The move by Bangladesh government to allow NRBs to launch three banks, in addition to six lenders approved last year, reflects the growing importance of NRBs in the economy and their strong political clout with the establishment. “We have sought the permission of Bangladesh Bank to allow us to float an NRB Bond – in foreign currency, as well as allow us to extend online banking facilities to Bangladesh expatriates – so that they could invest in our economy through our banking services,” Rahman said.
If this is permitted, he said, hundreds of thousands of NRBs will be able to immediately open online bank accounts and start depositing money in foreign currency, remitting money and make online payments for housing loan instalments and invest in stock markets.
“This will ensure a steady supply of foreign currency in the domestic market and reduce pressure on Bangladeshi taka, increase foreign investment and reduce the hawala/hundi or underground remittance business,” Rahman, who is also the President of Bangladesh Business Council in Dubai, said.

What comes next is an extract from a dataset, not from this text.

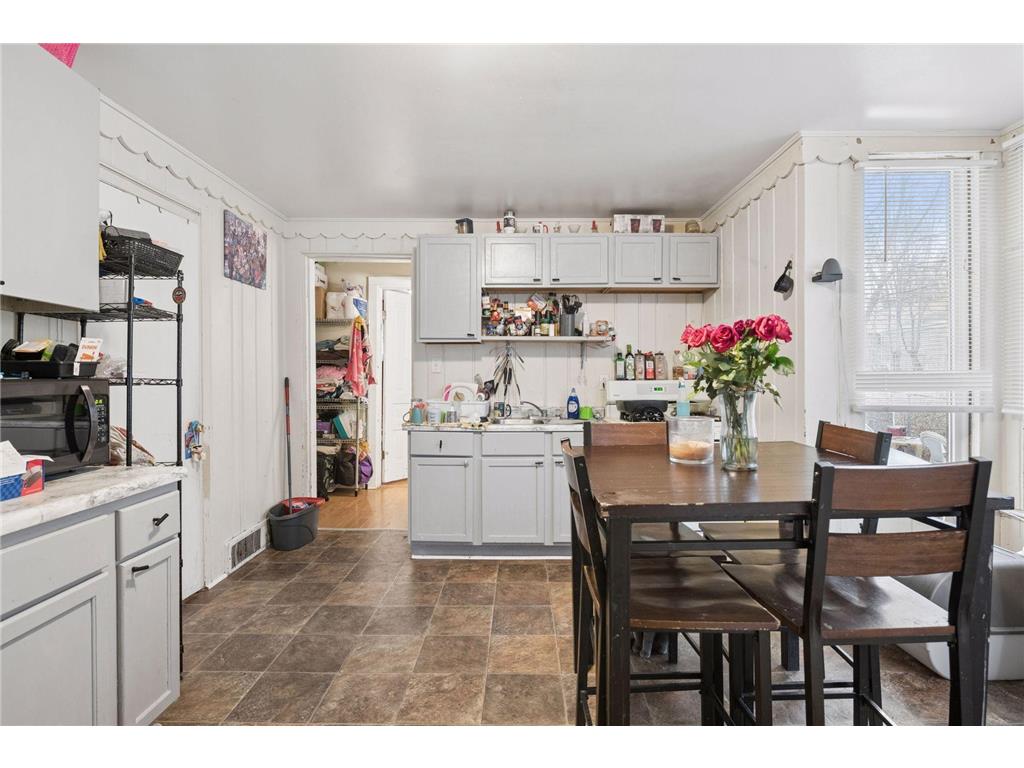 306 King Street W Saint Paul MN 55107 7036446 image8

Rahman’s family members are shareholders in three banks. He has invested 400 million taka in NRB Bank while Waliur Rahman, one of his younger brothers, has invested a further 400 million taka in NRB Commercial Bank. His son, Ebadur Rahman is a Board Member of Al Arafah Islamic Bank in Bangladesh.
NRB Bank has been permitted to open five branches in the country, while Rahman wants to expand the bank internationally with representative offices in London, Dubai, New York and a number of other cities with higher concentration of Bangladeshi expatriates.
The development of these banks might fulfil the aspirations of certain wealthy individuals and help expand their clout within the country. However, how these institutions help the NRB community – is a big question and will be seen – in the coming years.
However, the NRB community would not benefit from these lenders if services are not extended to them, expatriates feel.
“These banks should be allowed to serve NRBs as well, which will help both the Bangladeshi expatriates as well as help contribute to the country’s economy,” Shaikh Abdul Karim, Senior Vice President and Head of Operations Control at Sharjah Islamic Bank, told Gulf News. “These banks should be treated as specialised commercial banks for expatriates - in addition to do their retail and general banking operations. The expats will feel more safe to route their remittances and investment through NRB banks. By setting up branches of NRB banks in other countries, not only the foreign currency flow will be increased but a huge revenue on foreign exchange and charges/commission can be earned.”
NRB Bank is also considering extending the shareholder base among expatriates with a locked-in deposits for three years which could be turned into shares when the bank goes public after three years. “I have put up a proposal at the Board for allowing NRBs to lock-in any amount in foreign currency for three years – against which they will receive regular interests and after three years they could procure bank shares at face value when the bank opts for an initial public offering [IPO],” Rahman says. “This way we could expand the shareholder base of the bank and share our success with a higher number of NRBs while, in the process, we ensure high foreign liquidity injection into the bank that will help it to expand fast.
“What’s the point of having a bank by a few NRBs when the larger expatriate community remains outside its service benefits? I want more and more fellow Bangladeshis to benefit from these banks,” he says.
Bangladesh, a $120 billion economy, has 56 banks and more than 35 non-banking financial institutions to serve a population of 150 million people – the majority of whom still remain unbanked. The government wants the new banks to penetrate deeper into the rural areas to boost agriculture and agro-based industries — the backbone of the country’s economy. How the expatriate-led lenders fulfil the government’s vision will also be tested in the coming years.